__INSTRUCTIONS FOR THE TASK__. In the entries below, which lines run from the one with "TSK'dan İhraçları İstenen" through the one with "Snapshot of karol_milf__"? Repeat exactly those, both included, and no pictures.

__MATERIALS PROVIDED__.
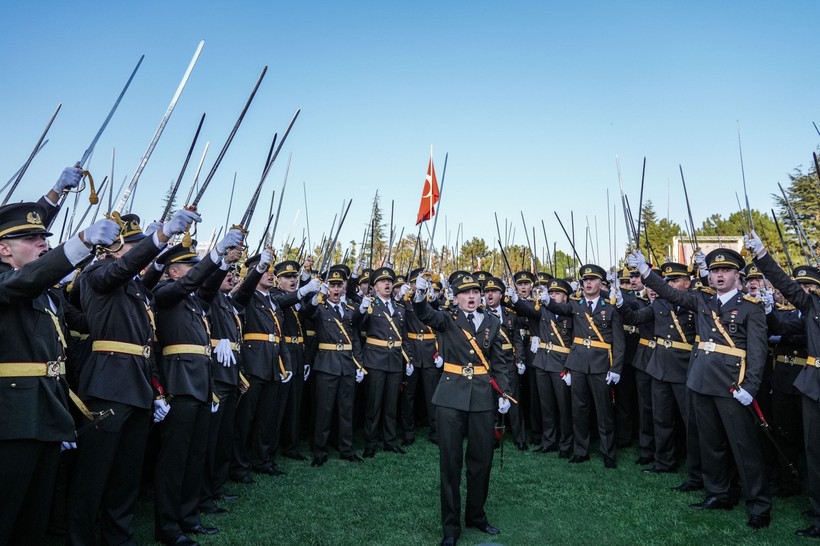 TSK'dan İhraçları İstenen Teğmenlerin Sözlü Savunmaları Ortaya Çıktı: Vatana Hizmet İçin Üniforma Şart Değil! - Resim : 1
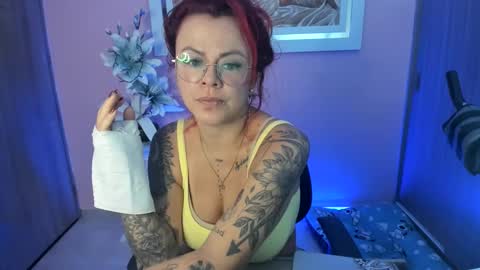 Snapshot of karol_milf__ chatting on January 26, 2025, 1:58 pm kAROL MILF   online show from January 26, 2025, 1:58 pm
* * *
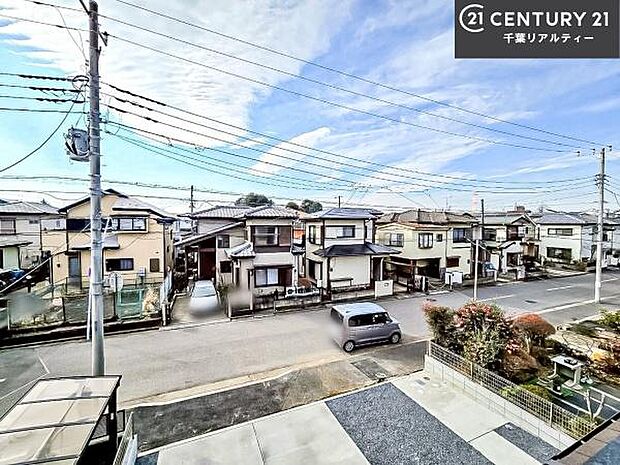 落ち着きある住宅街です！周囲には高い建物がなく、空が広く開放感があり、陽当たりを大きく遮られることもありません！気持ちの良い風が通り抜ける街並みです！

__ANSWER TO THIS TASK__.
 TSK'dan İhraçları İstenen Teğmenlerin Sözlü Savunmaları Ortaya Çıktı: Vatana Hizmet İçin Üniforma Şart Değil! - Resim : 1
 Snapshot of karol_milf__ chatting on January 26, 2025, 1:58 pm kAROL MILF   online show from January 26, 2025, 1:58 pm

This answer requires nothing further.